Voyons cela selon différents points de vue :

Au niveau anatomique et biomécanique

Selon l’Agence européenne pour la sécurité et la santé au travail, quatre facteurs biomécaniques sont déterminants dans la survenue des TMS :

  • la posture
  • la répétition
  • la charge
  • la durée de l’activité

Au vu du premier facteur indiqué à savoir la posture, pensez-vous que la flexion latérale ou inclinaison amène à une position correcte ?

D’un point de vue biomécanique, il faut bien comprendre que la flexion latérale n’est pas un mouvement pur! Comme l’indiquent Dufour et Pillu (2017), « les courbures vertébrales tendent à associer la flexion latérale et la rotation du même côté ». Expliquant que cet effet rotatoire omniprésent est accentué par les ligaments convexitaires, ce qui induit une compression des disques inter-vertébraux du côté concavitaire (courbé).

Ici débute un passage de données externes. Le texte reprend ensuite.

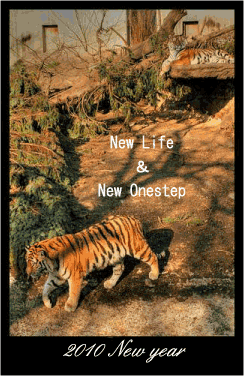 c0012180_21205740.gif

Concernant la répartition des charges en station debout au niveau de la colonne vertébrale, et plus particulièrement au niveau de l’étage lombaire sur laquelle repose le poids de la tête, des bras et du tronc, elle représente sur le disque L5/S1 une charge d’environ cinquante kilos (charge estimée pour un individu d’environ soixante quinze kilos). Dans cette position « la courbure lombaire naturelle (lordose) ménage une répartition équilibrée des pressions au niveau du disque, et les tensions des ligaments sont les plus faibles. »

En cas de flexion latérale et de rotation du tronc, il faut dès lors comprendre que les pressions exercées sur les disques sont multipliées, et peuvent atteindre plusieurs centaines de kilos! Et sans port de charge. Je vous laisse donc imaginer avec … Pour vous en convaincre, vous pouvez consulter les études de Hindle et al., Seroussi et al.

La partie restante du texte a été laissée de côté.